Testing Einstein's Universe

Spacetime Before Einstein

Classical Antiquity

Sculptured bust of Zeno
Zeno

What are space and time? Do they exist absolutely, or only relative to matter? Do they constitute the fixed background or stage upon which the drama of life is played out — or do they themselves also take part in the action? Such questions are as old as philosophy itself.

The Stoic philosopher Zeno of Citium (344-262 BCE, not to be confused with the earlier Zeno of Elea, author of Zeno's paradoxes) held that space and time were unreal since they could neither act nor be acted upon by matter. Such arguments were once considered purely metaphysical. If so, then Gravity Probe B proves that even metaphysical propositions can be tested by experiment! It would be hard to imagine a more direct demonstration that spacetime acts on matter than the geodetic effect (warped spacetime twists a spinning gyroscope), or a more convincing proof that matter acts back on spacetime than the frame-dragging effect (the spinning earth pulls spacetime around with it).

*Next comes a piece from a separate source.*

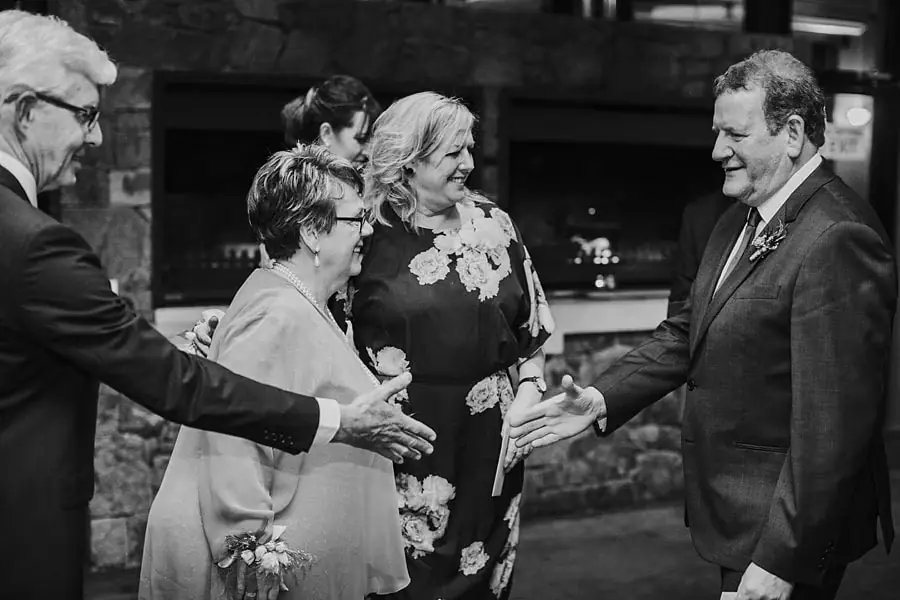 Black-and-white photograph of older guests greeting each other at the reception.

Sculptured bust of Archytas
Archytas

Zeno's was an extreme version of the relational view of space (space exists only insofar as it is related to matter). In fact he taught that the concept of "empty space" was a contradiction in terms, since if space were truly empty it would be nothing and hence nonexistent. The opposite or absolutist view, that space does exist independently of matter, can be traced back to Leucippus of Abdera (active c. 450 BCE), the first of the Greek atomists (later the Epicureans), who introduced the concept of a pre-existing void as the "emptiness between atoms". The earliest surviving statement of the absolutist view has been attributed by Max Jammer (in Concepts of Space, 1954) to the Pythagorean philosopher Archytas (428-347 BCE): "Since everything which is moved is moved into a certain place, it is plain that the place where the thing moving or being moved shall be, must exist first."

Sculptured bust of Aristotle
Aristotle

Aristotle (384-322 BCE) constructed a careful and meticulous hybrid of the absolute and relational views. He was rather dismissive of his forbears, writing (in Book IV of the the Physics): "We encounter difficulties when we attempt to say what exactly the 'place' of a thing is ... Nor have my precursors laid anything down, or even formulated any questions, on this subject." He accepted arguments similar to that of Archytas, but was deeply unhappy with the atomistic idea of void, "since no preference can be given to one line of motion more than to another, inasmuch as the void, as such, is incapable of differentiation ... how [then] can there be any natural movement in the undifferentiated limitless void?" To get around this difficulty Aristotle developed the clever idea that space is defined by that which contains it. He was led in this way to his influential picture of a cosmos whose frame of reference is defined by the firmament of fixed stars above and the center of the earth below: "The center of the universe and the inner surface of the revolving heavens constitute the supreme 'below' and the supreme 'above'; the former being absolutely stable, and the latter constant in its position as a whole".

Late Antiquity to the Middle Ages

Sculptured bust of Lucretius
Lucretius

The nature of time as well as space was eagerly debated in this way by the ancients. The Epicurean philosopher Lucretius (c. 99-55 BCE) may have been the first to argue explicitly for a relational view of time, writing in The Nature of the Universe that: "Time by itself does not exist ... It must not be claimed that anyone can sense time by itself apart from the movement of things."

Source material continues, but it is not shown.